Refus d'entendre un enfant au motif qu'il n'est pas capable de discernement
Arrêt rendu le 14 avril 2021 par la Cour de cassation, 1re civ. n° 18-26.707 (319 F-D)
À la suite d'une séparation parentale conflictuelle, le père d'un enfant mineur a fait obstruction à différentes reprises à la réalisation de soins médicaux au bénéfice de son fils, au point que la mère a obtenu du juge aux affaires familiales l'autorisation de prendre toutes les décisions relatives à la santé de l'enfant sans l'assentiment du père.
Dans le cadre de la procédure en appel contre cette décision, l'enfant a formé une demande en vue de son audition, laquelle a été rejetée. Le père a alors saisi la Cour de cassation d'un premier pourvoi contre le rejet de la demande d'audition de son fils, puis ultérieurement d'un second pourvoi contre l'arrêt sur le fond ayant confirmé la décision du juge aux affaires familiales sans avoir procédé à l'audition de l'enfant.

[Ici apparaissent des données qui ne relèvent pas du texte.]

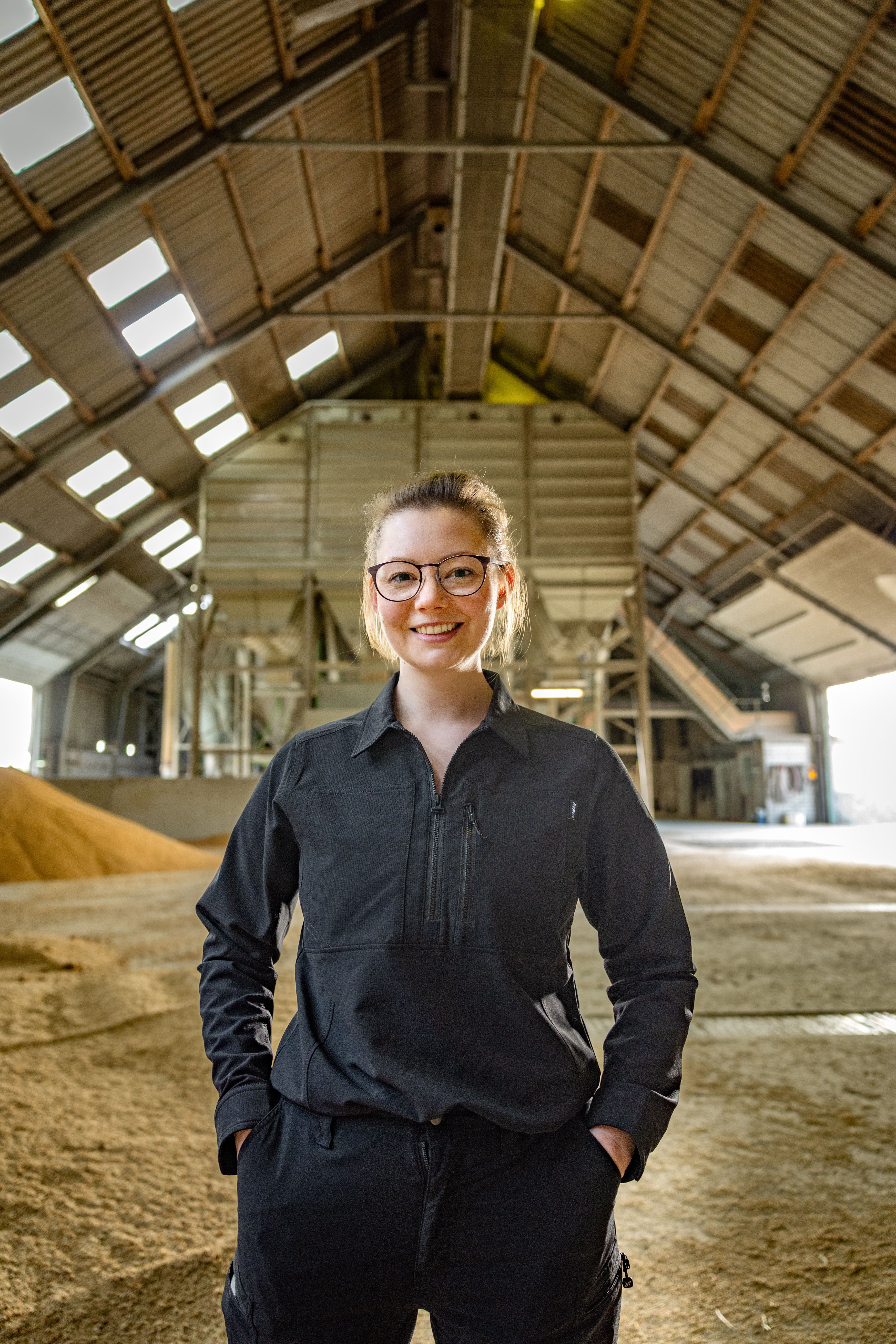 Jenna Struck steht in einer großen, lichtdurchfluteten Halle mit hohem, schrägem Dach. Im Hintergrund sind industrielle Anlagen und Schüttgut zu sehen. Sie trägt eine schwarze, langärmelige Arbeitsjacke und eine dunkle Hose, die Hände in den Hosentaschen. Das Licht fällt durch die Fenster im Dach und erzeugt helle Flächen auf dem Boden. Jenna Struck steht in einer großen, lichtdurchfluteten Halle mit hohem, schrägem Dach. Im Hintergrund sind industrielle Anlagen und Schüttgut zu sehen. Sie trägt eine schwarze, langärmelige Arbeitsjacke und eine dunkle Hose, die Hände in den Hosentaschen. Das Licht fällt durch die Fenster im Dach und erzeugt helle Flächen auf dem Boden.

Par arrêt rendu le 14 avr. 2021, la première chambre civile déclare irrecevable le premier pourvoi mais accueille favorablement le second au visa des art. 388-1 c. civ. et 338-4 c. pr. civ. : (1)
Texte intégral :
« 8. Il résulte de ces dispositions que, lorsque la demande d'audition est formée par le mineur, le refus ne peut être fondé que sur son absence de discernement ou sur le fait que la procédure ne le concerne pas.
9. Pour rejeter la demande d'audition du mineur, l'arrêt retient que l'audition a été refusée en raison du manque de discernement de l'enfant et afin de préserver ce dernier de tout conflit parental.

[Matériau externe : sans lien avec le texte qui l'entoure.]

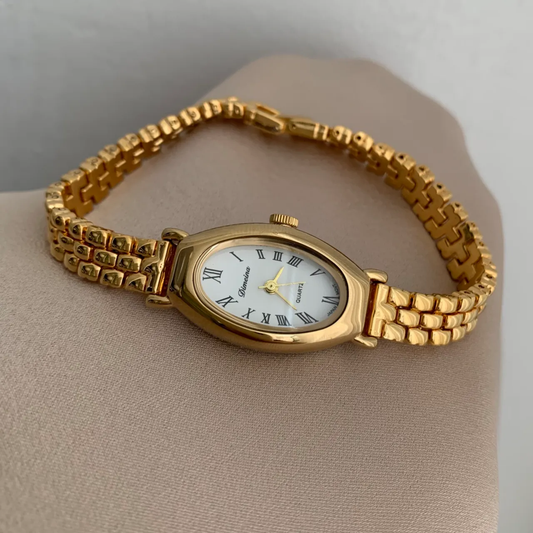 Elliptical Roman Timepiece: Luxe Vintage French Gold Watch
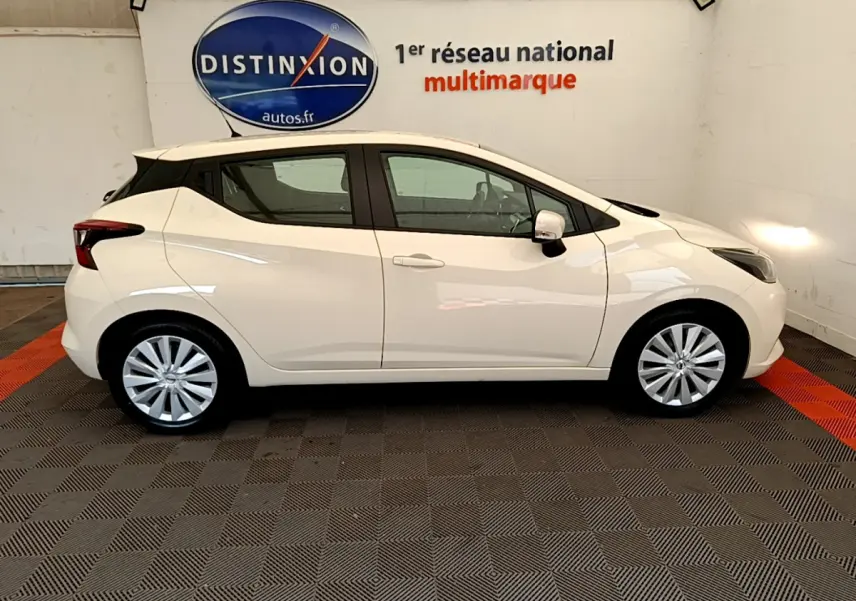 Profil côté droit d'une Nissan Micra blanche 2022 Acenta dans un showroom avec logo Distinxion en arrière-plan.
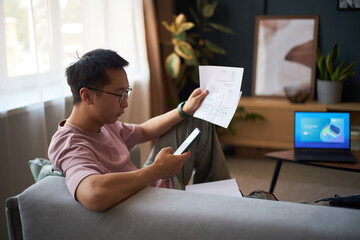 Asian young adult man sitting on sofa holding smartphone and examining financial documents, laptop with charts on table in background, working remotely in modern living room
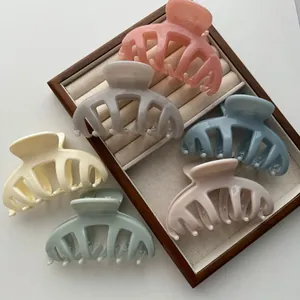 Elegant multi-colored acrylic pumpkin hair claw clips set in a wooden display tray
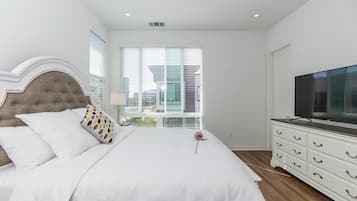 Quarto com cama, penteadeira, televisão e janela com persianas.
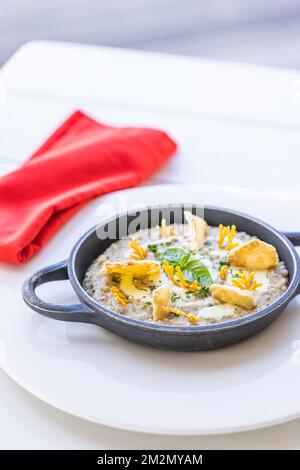 Wunderschönes und leckeres Essen auf einem Teller. Gourmetgericht auf weißem Tisch mit roter Serviette, luxuriöses Hotelresort-Spezialgericht. Trüffelpilze und Gemüse Stockfoto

10. En se déterminant ainsi, sans expliquer en quoi celui-ci n'était pas capable de discernement, la cour d'appel a privé sa décision de base légale. »
Textes appliqués :
Code civil - art. 388-1
Code de procédure civile - art. 338-4 - art. 338-5
Depuis la réforme de l'audition du mineur dans le procès civil, résultant de la loi du 5 mars 2007 (L. n° 2007-293 réformant la protection de l'enfance) et de son décret d'application du 20 mai 2009 (Décr. n° 2009-572 relatif à l'audition de l'enfant en justice), la Cour de cassation a manifesté à plusieurs reprises sa volonté de faire respecter le droit de l'enfant d'exprimer ses opinions dans les procédures qui le concernent, tel qu'il est consacré par l'art. 12 de la Convention internationale relative aux droits de l'enfant.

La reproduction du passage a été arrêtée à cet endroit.